DATA RECORDS START

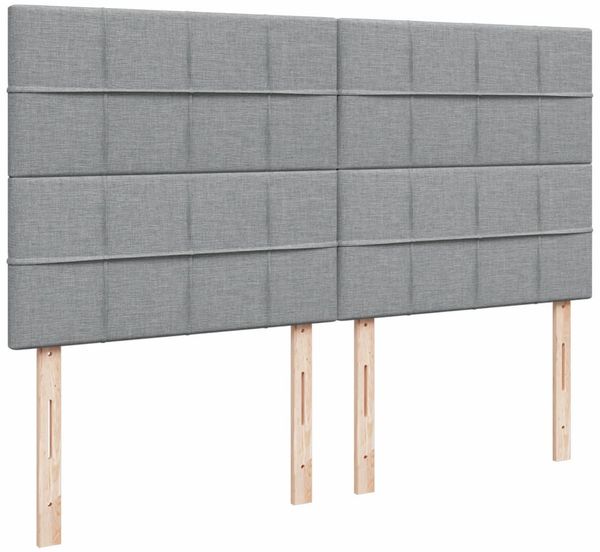 vidaXL Boxspringbett mit Matratze Hellgrau 180x200 cm Stoff 3293659 Bild 9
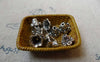 Accessories - 30 Pcs Of Antique Silver Pewter Flower Bead Caps 6x9mm A5647
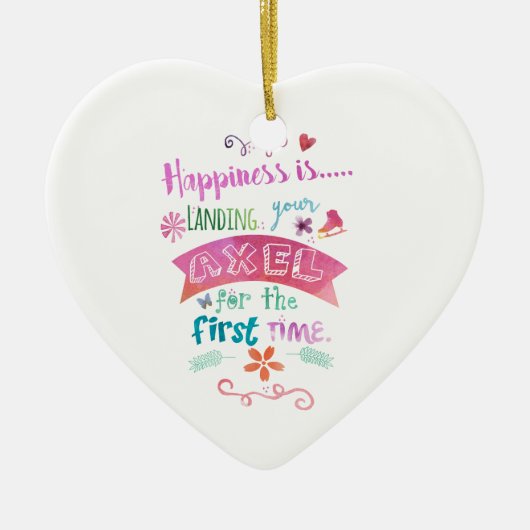 Kundenspezifische Eis-Zahl Keramikornament (Vorne)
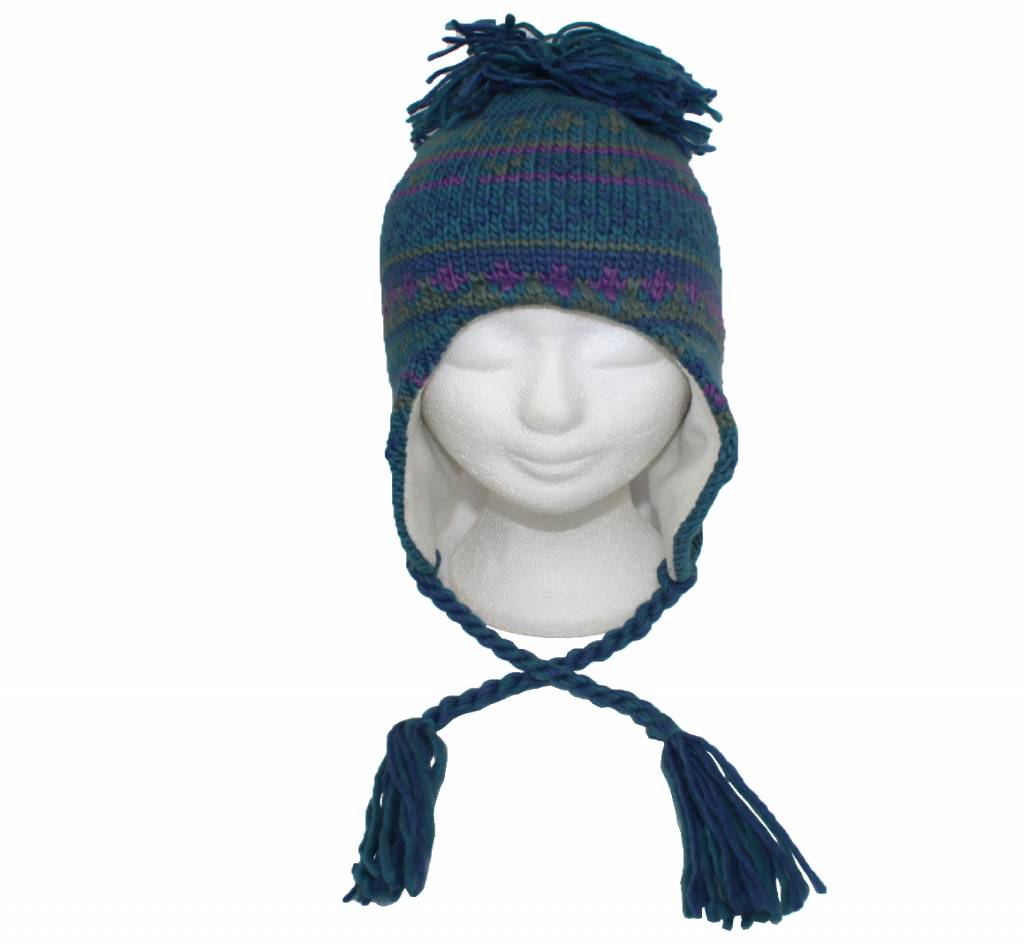 Peru Muts Jacquard groen/mauve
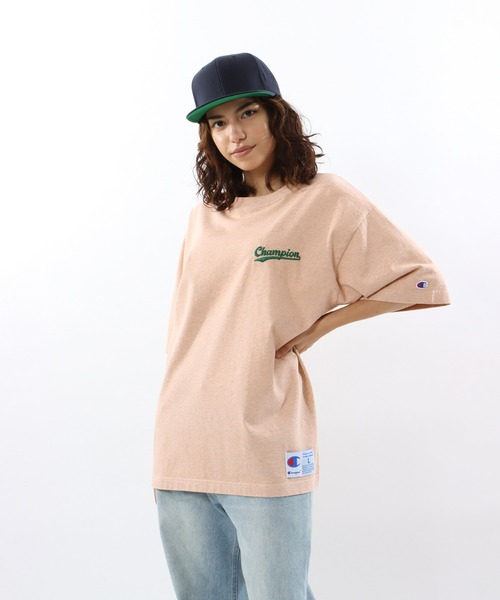 Champion(チャンピオン)の「【Champion/チャンピオン】メンズ アクションスタイル ショートスリーブTシャツ(Tシャツ/カットソー・メンズ・オレンジ/グリーン/ピンク/ブルー・SMALL/MEDIUM/LARGE/X-LARGE)」の1枚目の写真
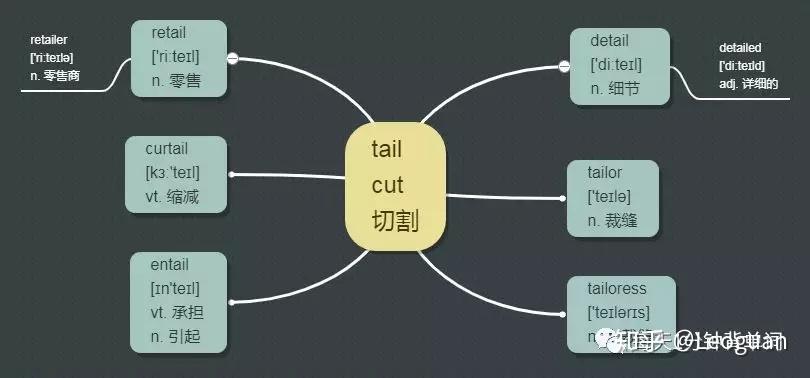 tail词根为什么是切（tain作为词根）-图3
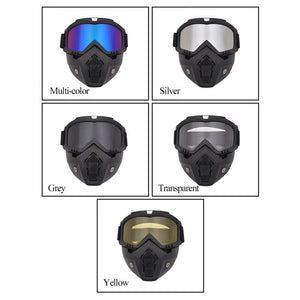 Modular Mask Detachable Goggles Transparent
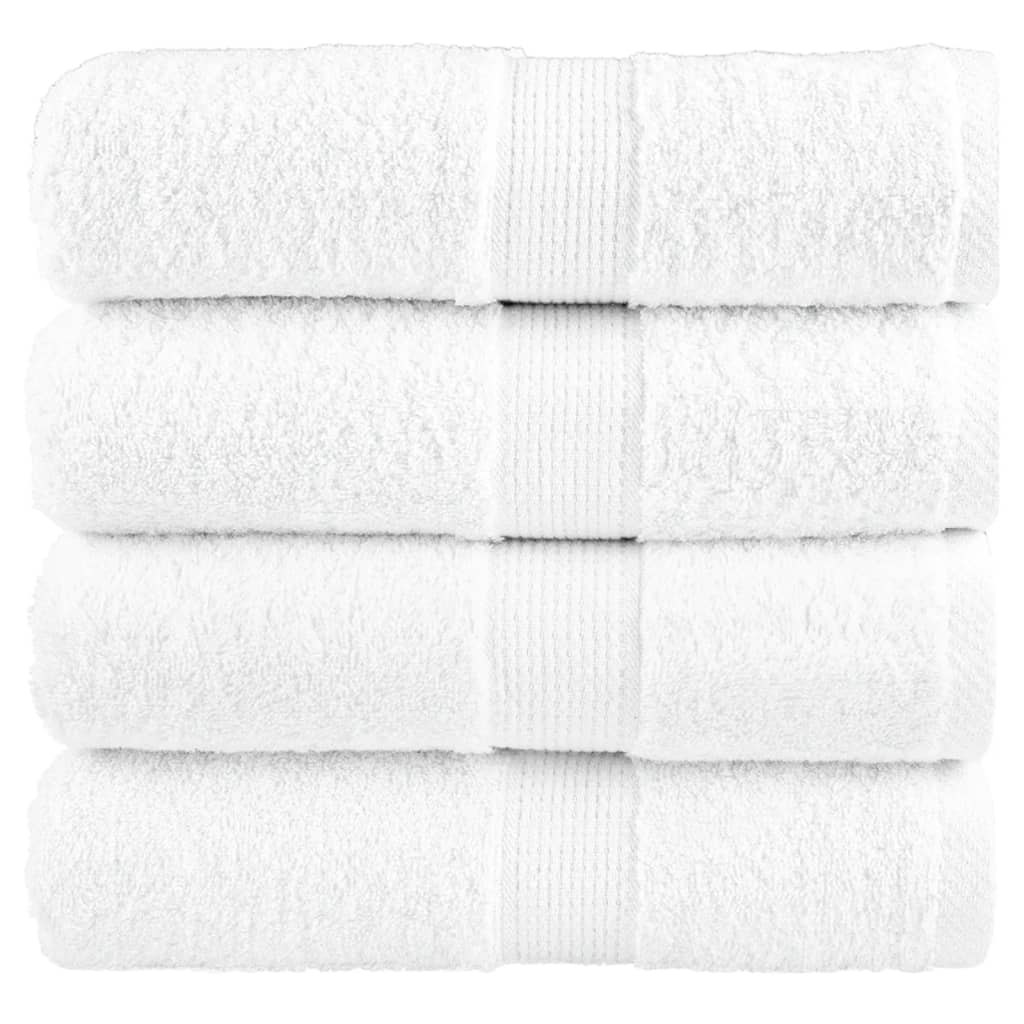 Solund towels 4 units white 30x30 cm 600 gsm v7584 Vetonek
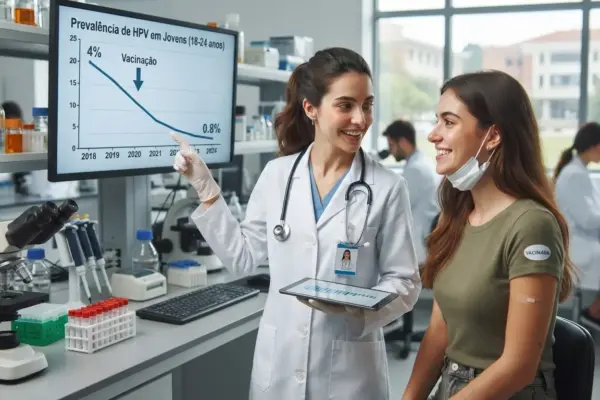 Estudo revela queda na prevalência de HPV entre jovens após vacinação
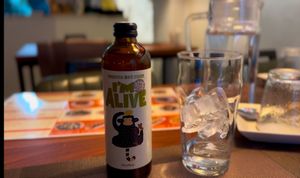 Ginger lemon kombucha   at Camouflage in Seoul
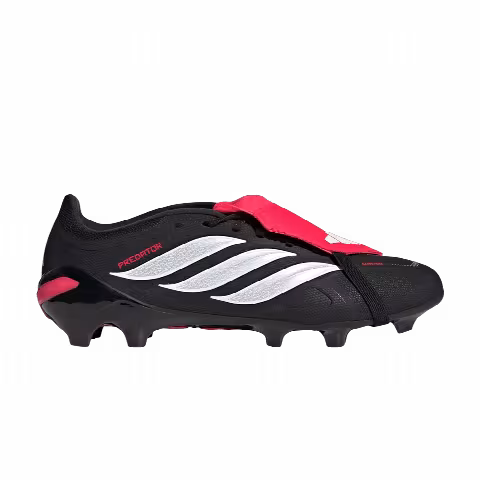 adidas Predator League Fold Over Tongue FG 'Core Black Cloud White Lucid Red'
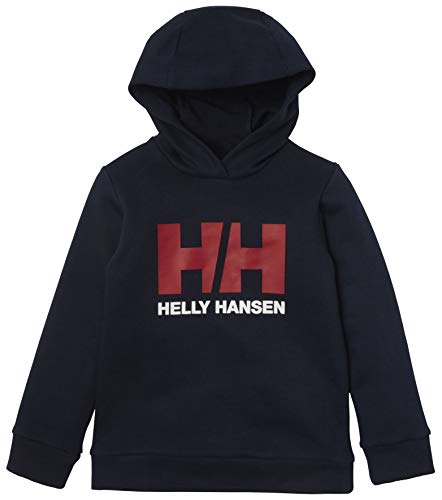 Kinder Unisex Helly Hansen K HH Logo Hoodie, Marineblau, 3 von Helly Hansen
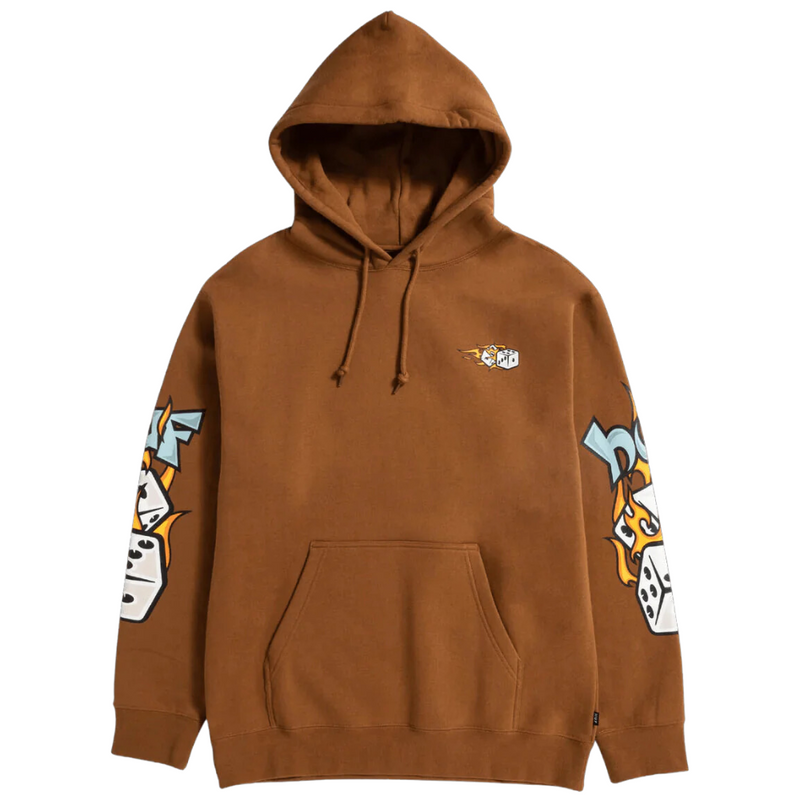 HUF Dicey Pullover Hoodie | Brown - The Vines Supply Co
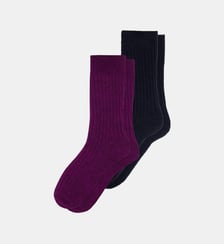 Lot de 2 chaussettes mi-hautes en mohair Le Slip Francais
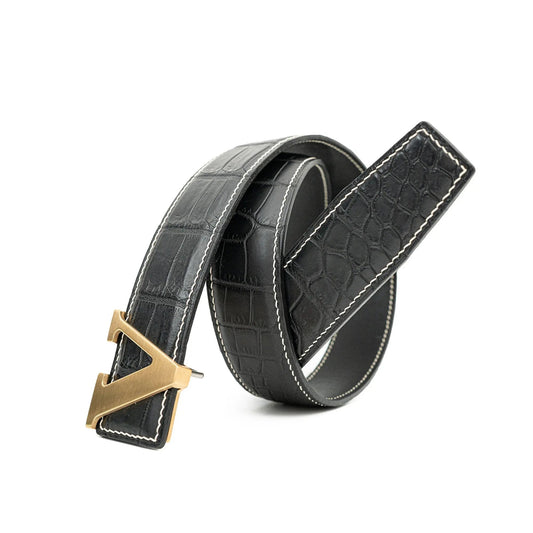 Handcrafted Alligator Leather Belts DVG159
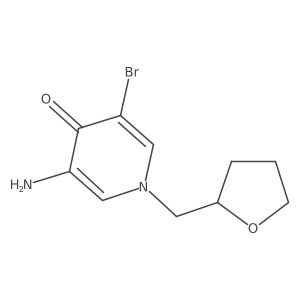 3-Amino-5-bromo-1-[(oxolan-2-yl)methyl]-1,4-dihydropyridin-4-one结构式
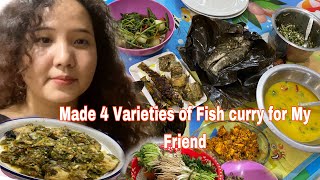 Four Varieties of Fish Curry Banana Leaf Wrapped Fish Recipe [upl. by Aznola217]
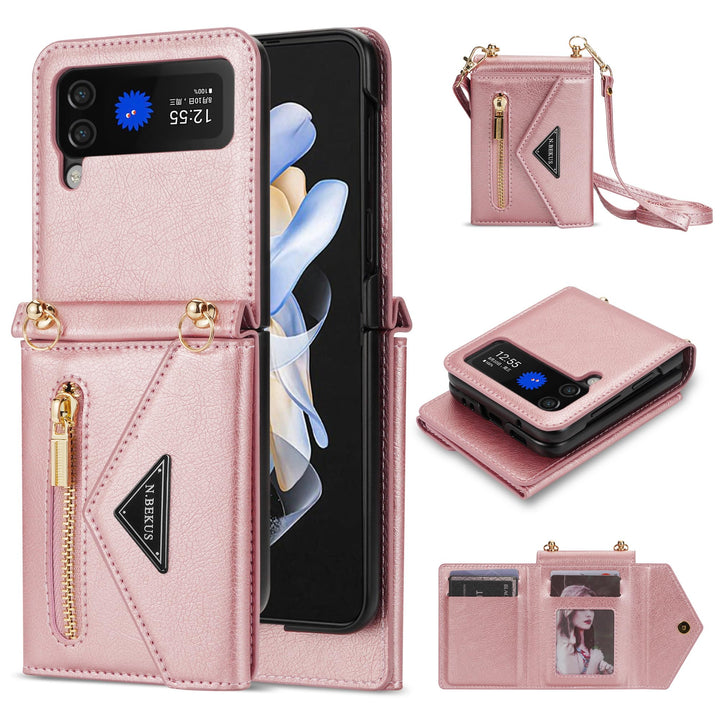 UDBKKDX Handyhülle für Samsung Galaxy Z Flip 3, Schutzhülle Mattes Leder mit Standfunktion hülle Kam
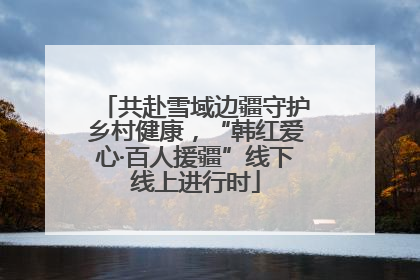 共赴雪域边疆守护乡村健康，“韩红爱心·百人援疆”线下线上进行时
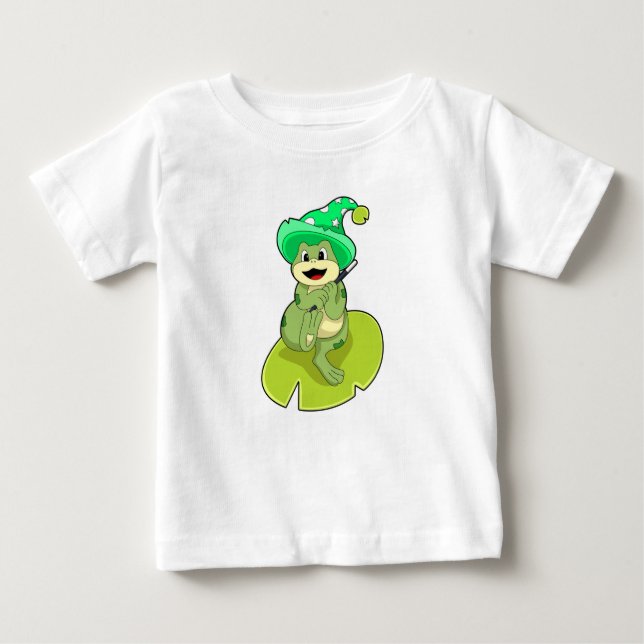 Camiseta Sapo como assistente com varinha mágica (Frente)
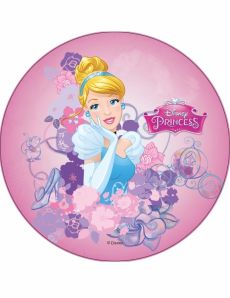Disque azyme Princesses Disney  Cendrillon 21 cm accessoire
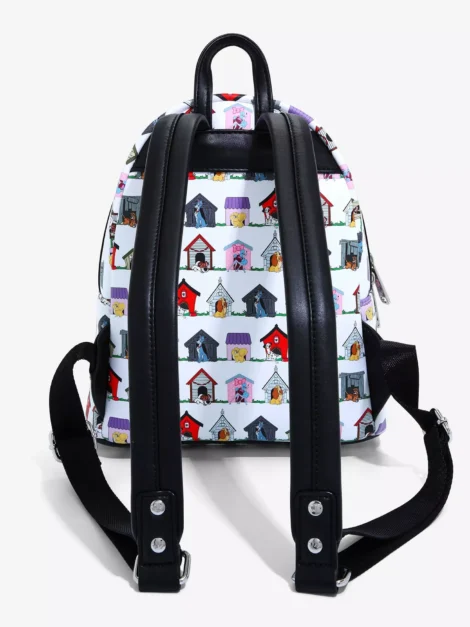 Loungefly Disney Dogs Doghouse Allover Print Mini Backpack - Imagen 4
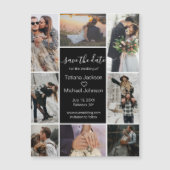 Zwart chic 8 foto's collage opslaan van de datum m (Voorkant)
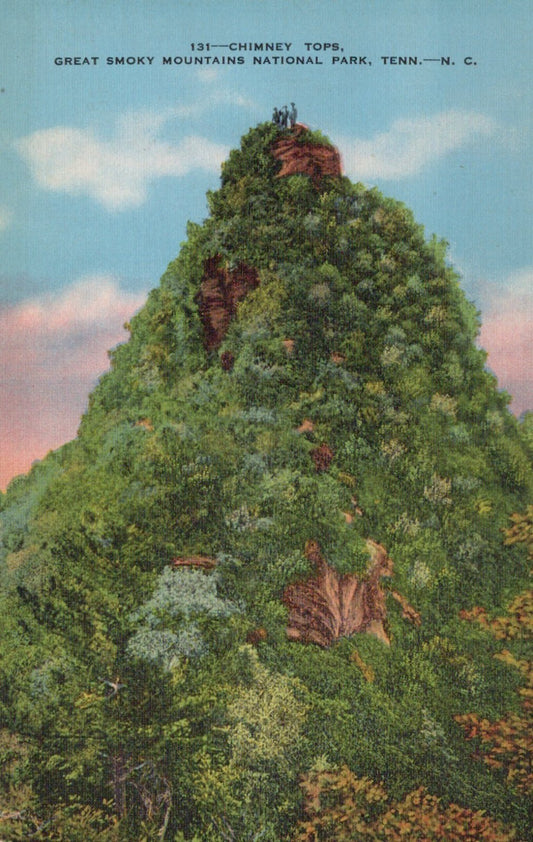 131 Chimney Tops Great Smoky Mountains National Park TN Tennessee Tenn Postcard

DATA RECORDS END

> [WHAT TO WORK ON]:
Output only these lines, word for word: the line containing "Loungefly Disney Dogs" and every line after it through the last line of the data. Omit the pictures.

> [RESULT]:
 Loungefly Disney Dogs Doghouse Allover Print Mini Backpack - Imagen 4
 Zwart chic 8 foto's collage opslaan van de datum m (Voorkant)
 131 Chimney Tops Great Smoky Mountains National Park TN Tennessee Tenn Postcard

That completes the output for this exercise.